若提问为性能优化、故障排查类问题,请下载脚本运行。终端输出的打印结果,请务必全选并复制粘贴上传。

您好: 是指上游两个不同的表结构,向下游同一个表同步吗? 如果是这种没有办法解决。 只能支持相同的表结构.

是的,上游出现不同的表结构肯定是有问题的,这个上游已经修复了,但是如何跳过这个错误?
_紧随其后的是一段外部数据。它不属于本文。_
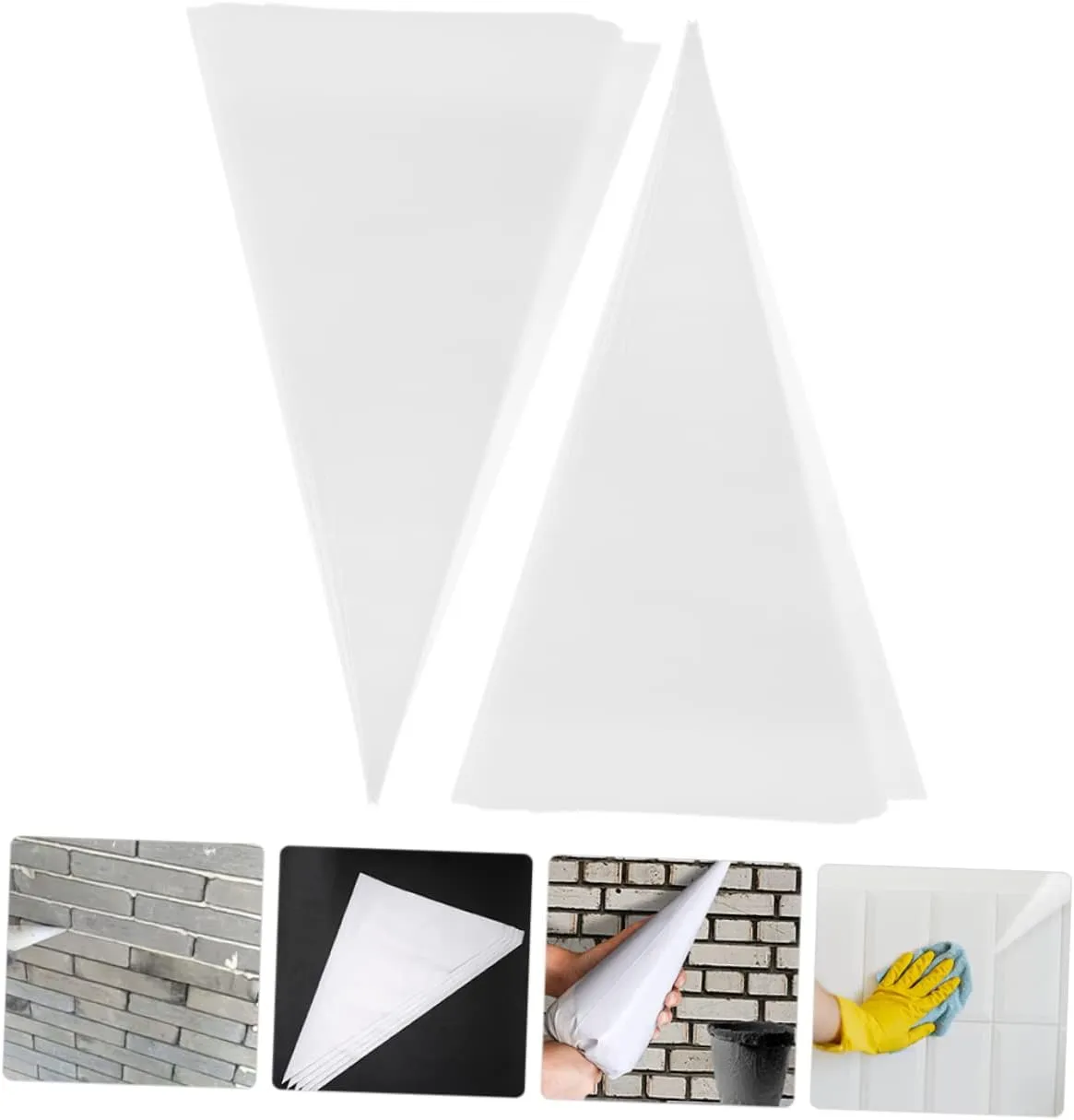 Tile Tools Grout Sealer Removal Tool Plastic Cement 100pcs Pointing Bag Piping Bag Ldpe Ceramic Tile White Plastic Sealable Bags Concrete Sealer Tip Cement Sealer Bag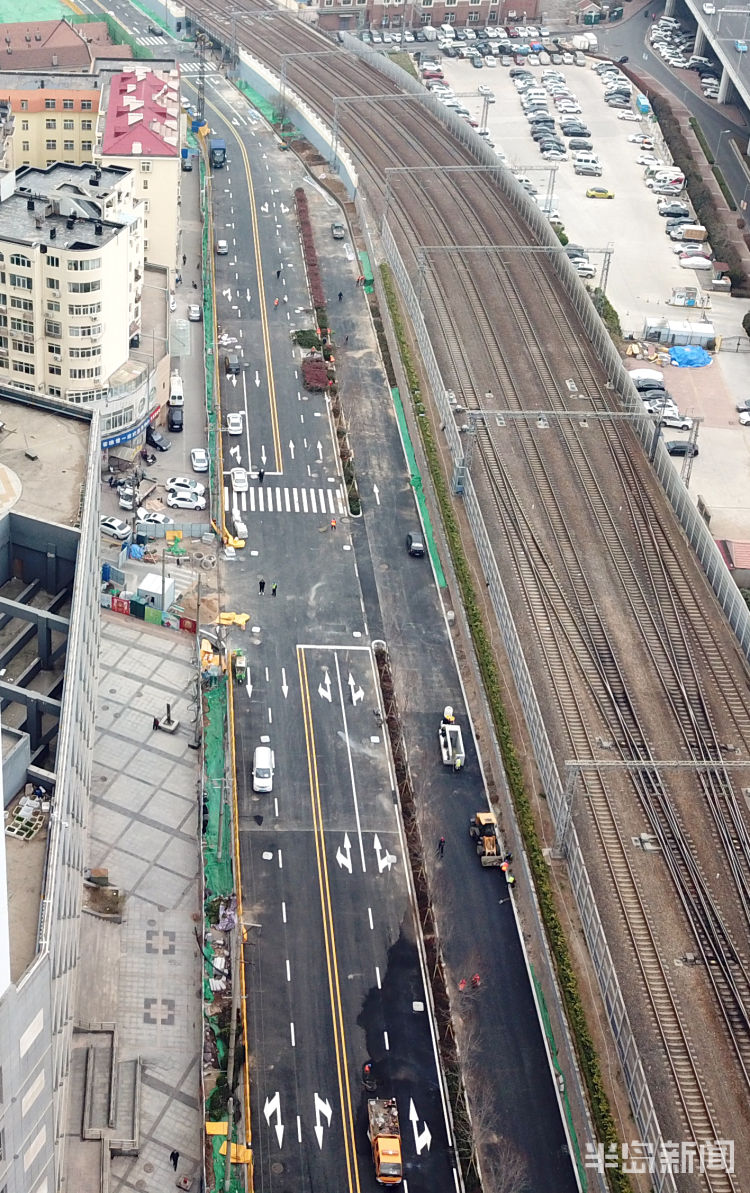 青岛西部城区复兴"第一仗":济南路拓宽工程即将竣工 4月2日通车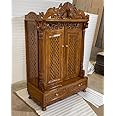 Blackperlcrafts Teakwood Home Temple - Hindu Pooja Mandir Wooden GOD Temple for Worship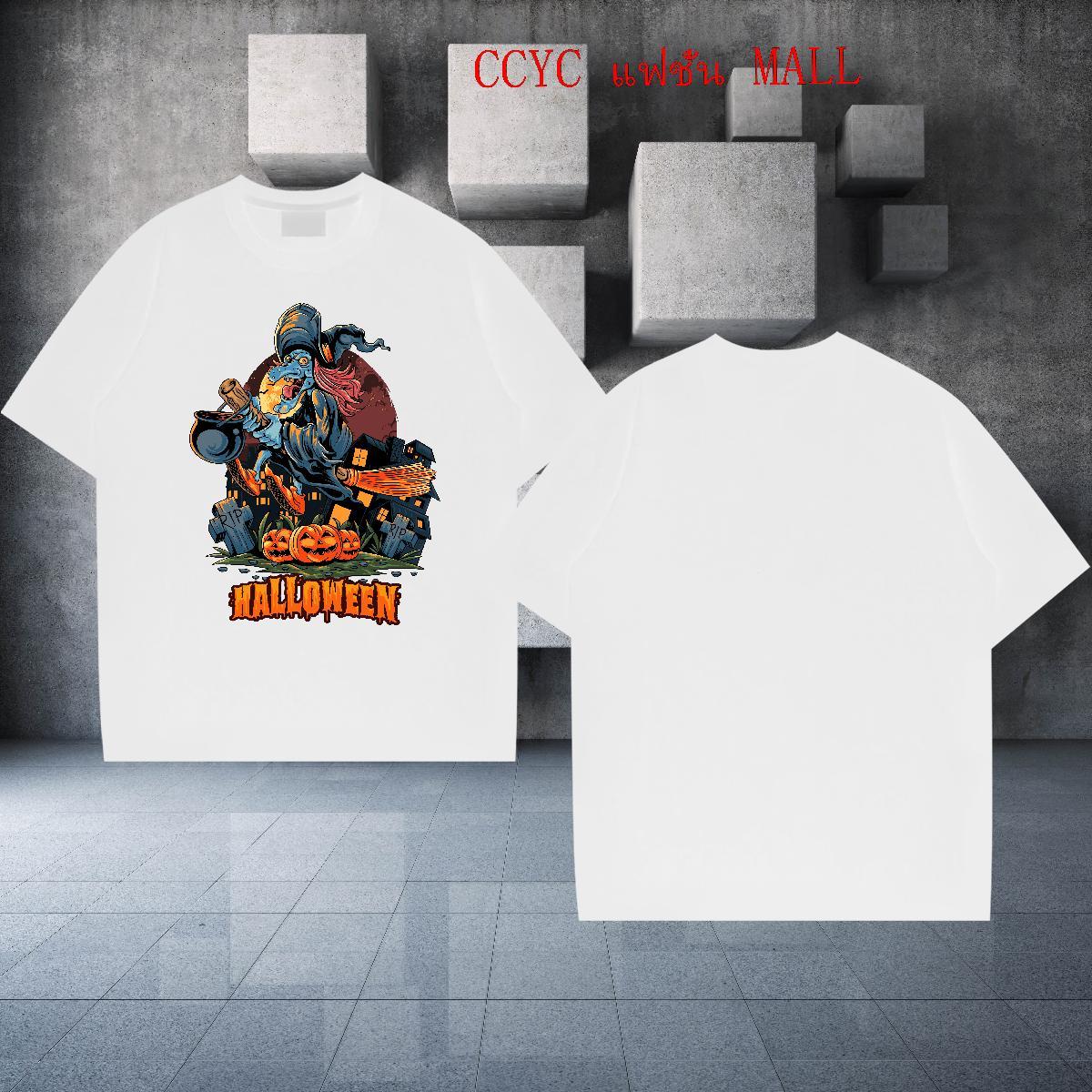 Wholesale T Shirts Men pumpkin Round Neck Short Sleeve Sports Casual DIY Printed 100% Cotton 230g Men Clothes T-Shirt Factory Direct Tees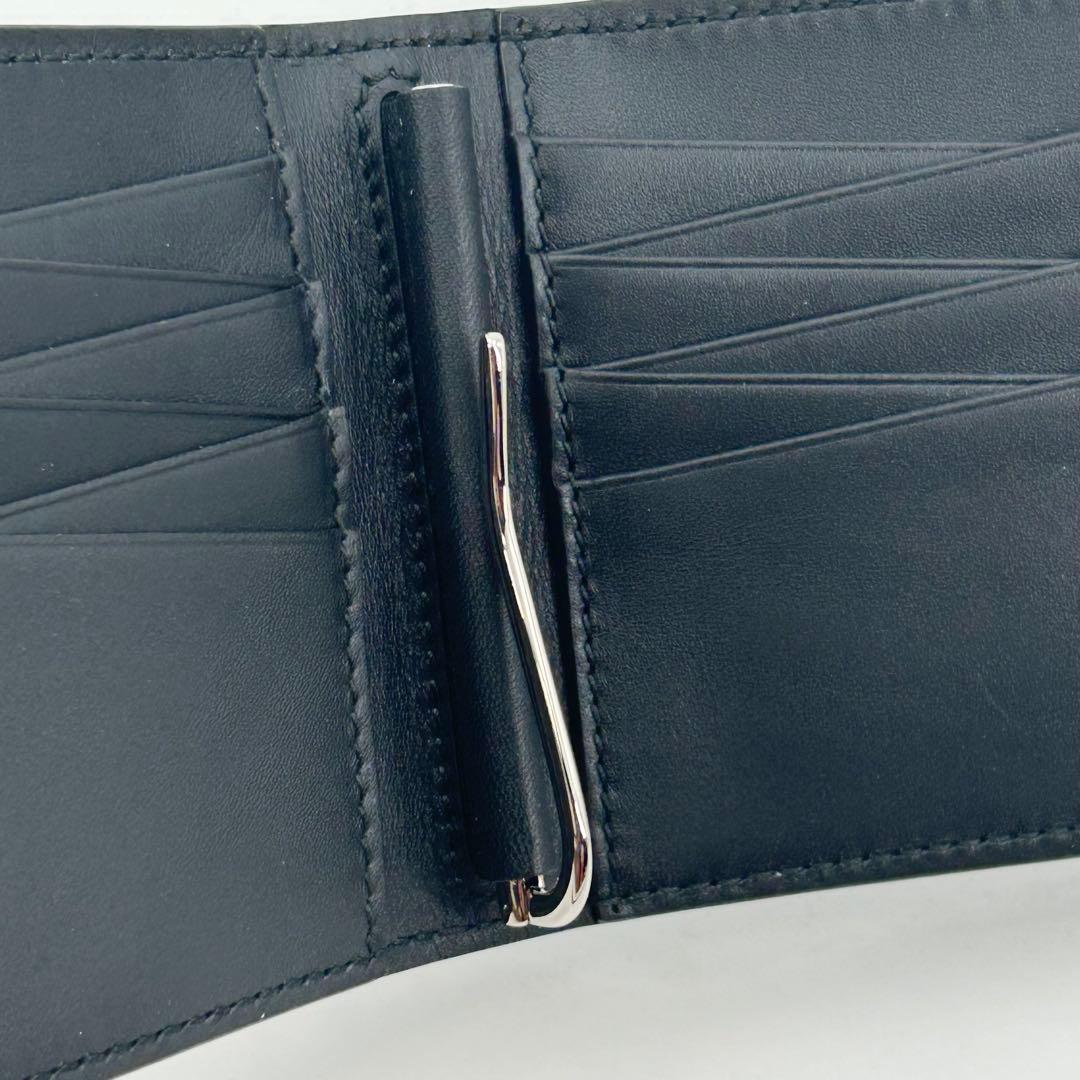 希少/未使用✨グッチ マネークリップ アニマリエ ビー 刺繍 レザー 黒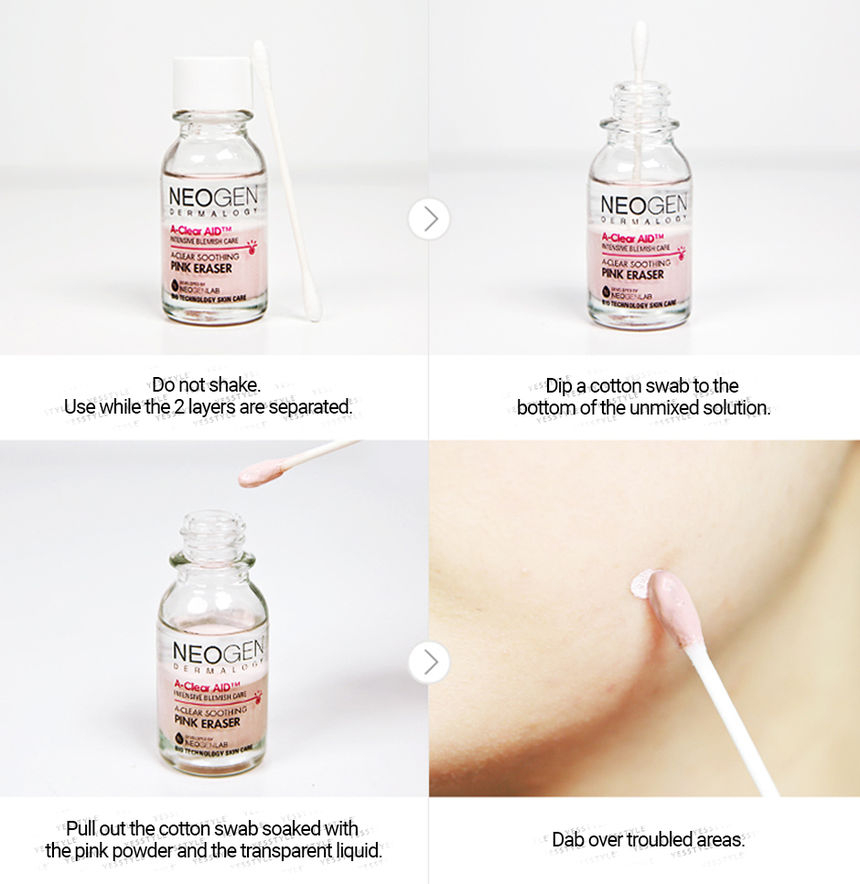 NEOGEN - Dermalogy A-Clear Soothing Pink Eraser 15ml 8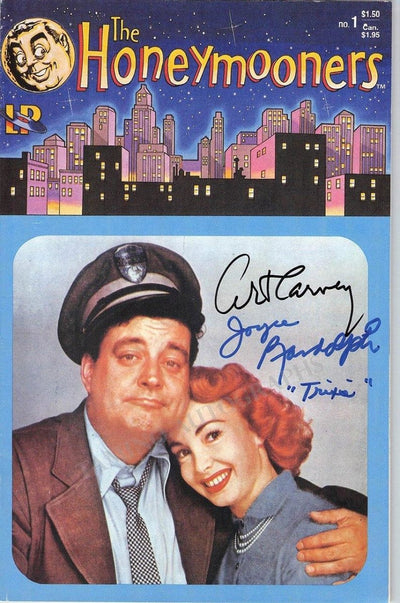 Carney, Art - Randolph, Joyce - Double Signed Comic Magazine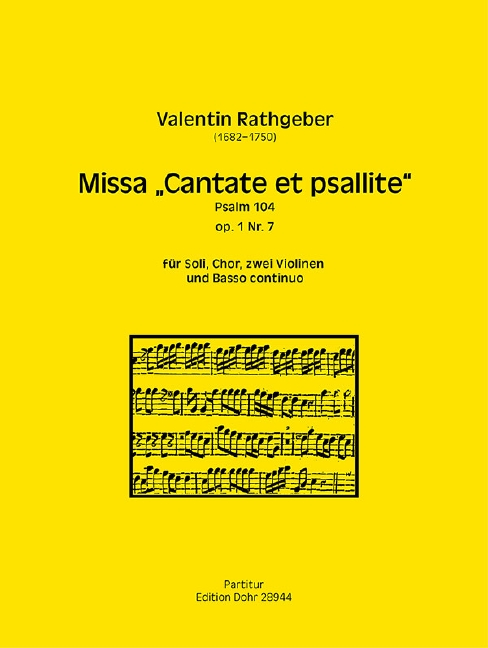 Missa Cantate et psallite op.1,7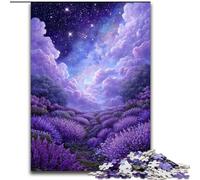 Lavender Garden Jigsaws 1000 Pieces for Adults, Educational Games Home Decoration Unique Home Decor And Gifts (26x38cm)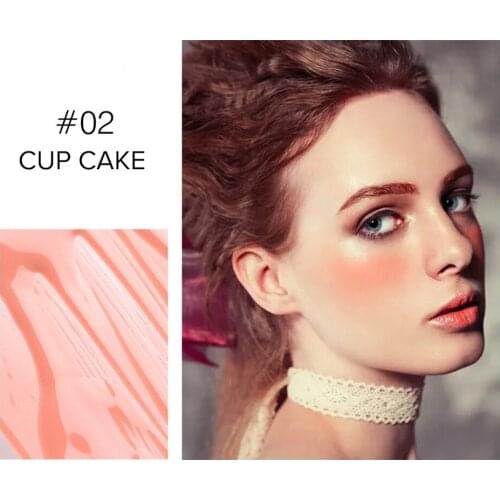 4 Colors Liquid Blusher Makeup Natural Rouge Cheek Blusher Cream Make Up Matte Lasting High Pigmented Cosmetics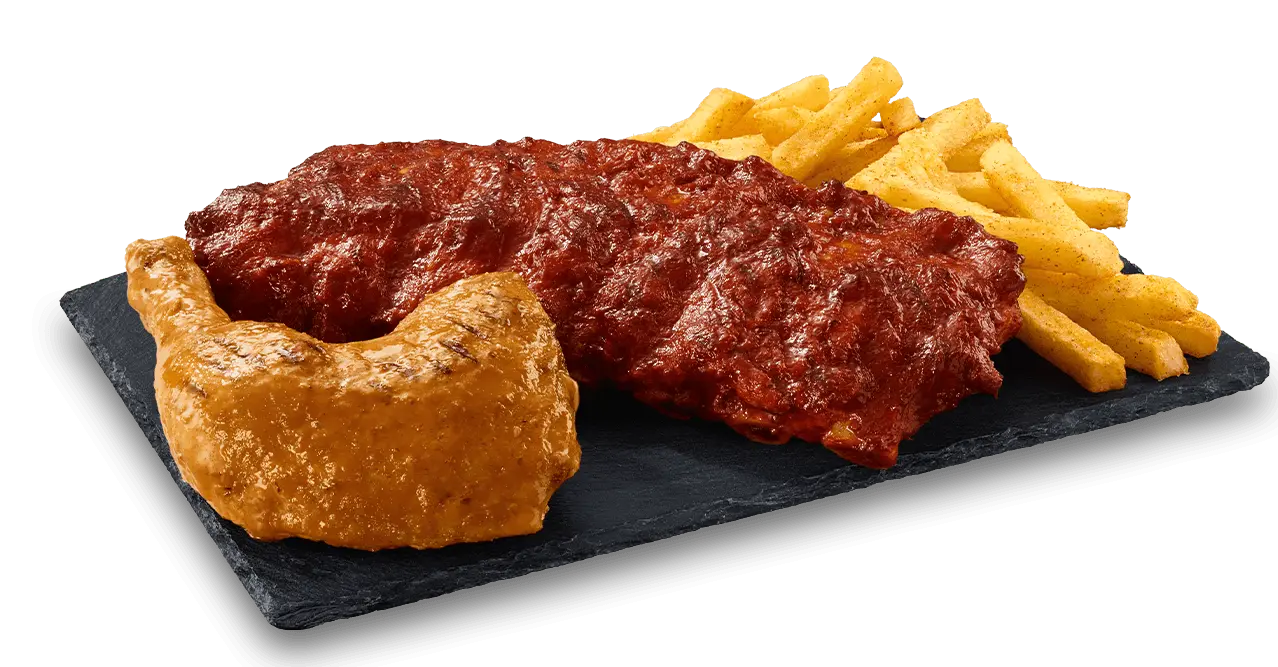 Pork Loin Ribs & 1/4 Chicken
之前出错的就不管了,直接从最新的位置开始恢复执行。这个要怎么操作?

可以通过一下方式进行尝试跳过:

  1. 如果是需要跳过错误可以使用 sql-skip 或者 Binlog event filter 进行跳过,可以参考官方文档: skip-或-replace-异常的-sql-语句 以及 Binlog event filter
  2. 如果需要重置同步任务,可以参考官方文档: 如何重置数据同步任务

如果使用替换或者跳过的方式解决,那么从中断以后的数据将全部丢失, 1、是否可以查看到relay-log 中每行数据的位置信息 2、能否可以指定跳过执行多少条,或者是指定结束的pos位置?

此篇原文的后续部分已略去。